**Provided data**
******************************
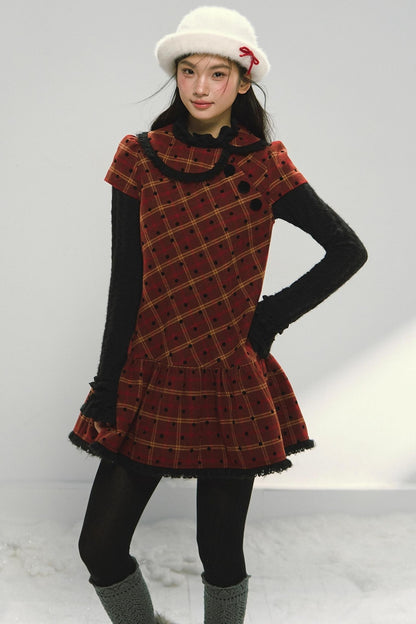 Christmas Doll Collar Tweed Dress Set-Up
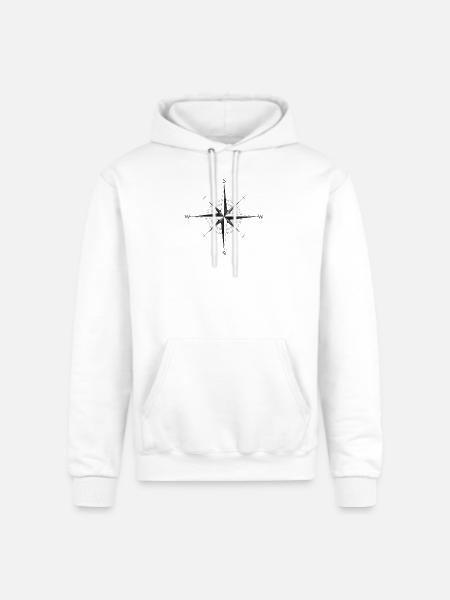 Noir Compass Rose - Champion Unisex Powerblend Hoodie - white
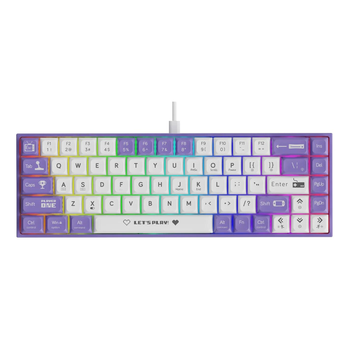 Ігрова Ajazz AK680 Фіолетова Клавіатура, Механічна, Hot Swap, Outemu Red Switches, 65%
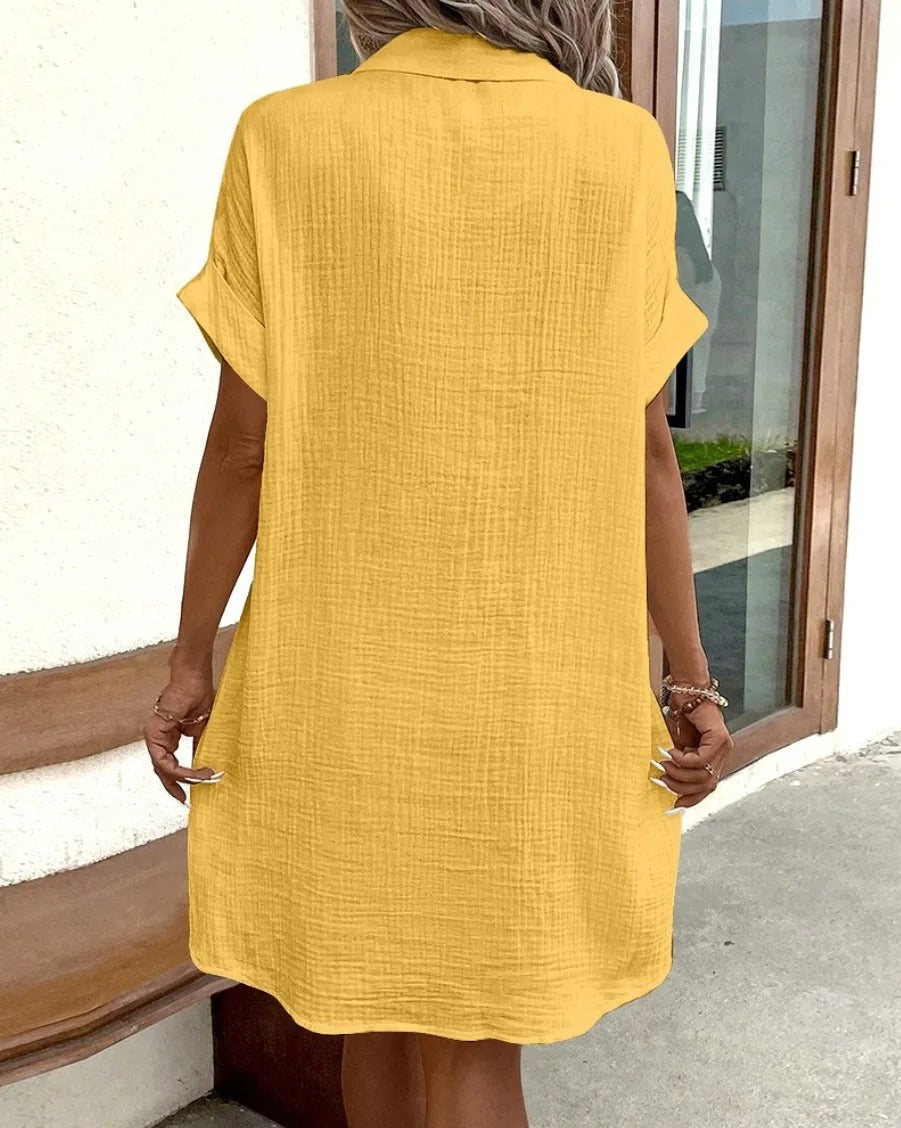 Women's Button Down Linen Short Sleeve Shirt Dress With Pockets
******************************
**Directions for this task**
Pictures are not part of the copy; transcribe the rest of the data verbatim.

**Solved exercise**
 Christmas Doll Collar Tweed Dress Set-Up
 Noir Compass Rose - Champion Unisex Powerblend Hoodie - white
 Ігрова Ajazz AK680 Фіолетова Клавіатура, Механічна, Hot Swap, Outemu Red Switches, 65%
 Women's Button Down Linen Short Sleeve Shirt Dress With Pockets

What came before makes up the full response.